Divieti di ingresso e disposizioni di quarantena per gli stranieri rientranti da paesi a rischio sono stati annunciati anche dai governi di Honduras (che aveva già iniziato a dichiarare lo stato di emergenza fin dal 10 febbraio) e Guatemala (dove il Presidente Alejandro Gianmattei ha destinato un fondo di almeno 30 milioni di dollari statunitensi per fronteggiare l’emergenza medico-sanitaria, proclamando l’estado de calamidad pública). Una sospensione generale di tutte le attività è stata imposta dal Presidente del Messico López Obrador fino al 20 aprile, periodo definito dalle autorità sanitarie federali come jornadas de sana distancia, con eventuale riprogrammazione del campionato di calcio e di altri eventi in un periodo successivo al pericolo di contagio attuale. Medesime misure di contenimento con sospensione di attività scolastiche ed esercizi commerciali sono state ordinate dal Presidente di Panama Laurentino Cortizo con la dichiarazione dello estado de emergencia nacional e, quindi, la devoluzione di poteri straordinari all’esecutivo fino al termine del periodo di possibile contagio.

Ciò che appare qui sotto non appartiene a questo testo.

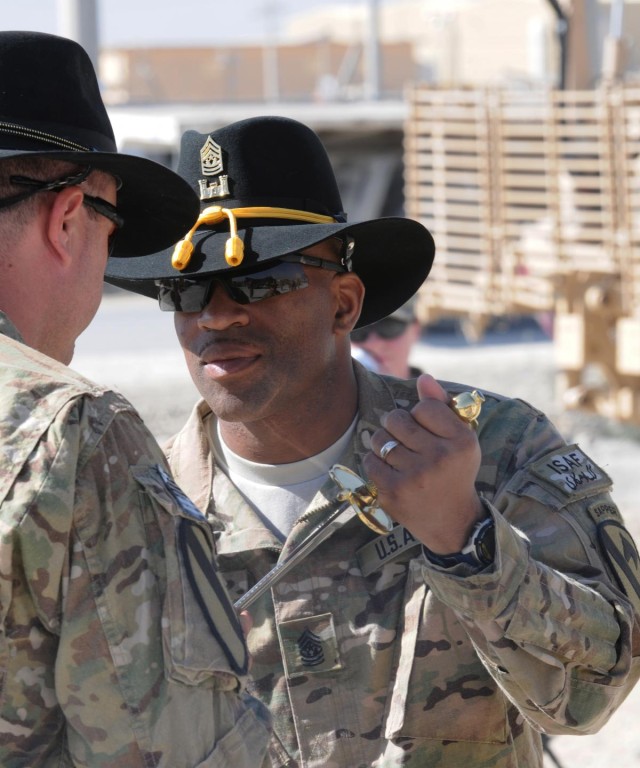 'Spartan' CSM begins, ends career with same unit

Mentre il Paraguay ha provveduto solo a una chiusura parziale dei propri confini nazionali e ad una sospensione delle attività didattiche per un periodo di due settimane, in modo molto più drastico è intervenuto il Presidente del Perù Martín Vizcarra che ha ordinato una quarantena generale in tutto il paese con attivazione di protocolli di emergenzia sanitaria e di isolamento domiciliare per almeno 15 giorni e devoluzione di una somma minima come indennizzo per tutte quelle famiglie che saranno colpite economicamente dalla sospensione dell’attività lavorativa e/o imprenditoriale. La sospensione delle attività scolastiche e accademiche è prevista anche in Uruguay e nella Repubblica Dominicana, che hanno attivato contestualmente una interruzione dei voli provenienti dai soli Stati a rischio, lasciando intatto il normale traffico aereo; è necessario precisare, però, che a partire dal 20 marzo l’Uruguay ha disposto la chiusura della frontiera con l’Argentina, a causa dell’elevata potenziale pericolosità nella diffusione del contagio.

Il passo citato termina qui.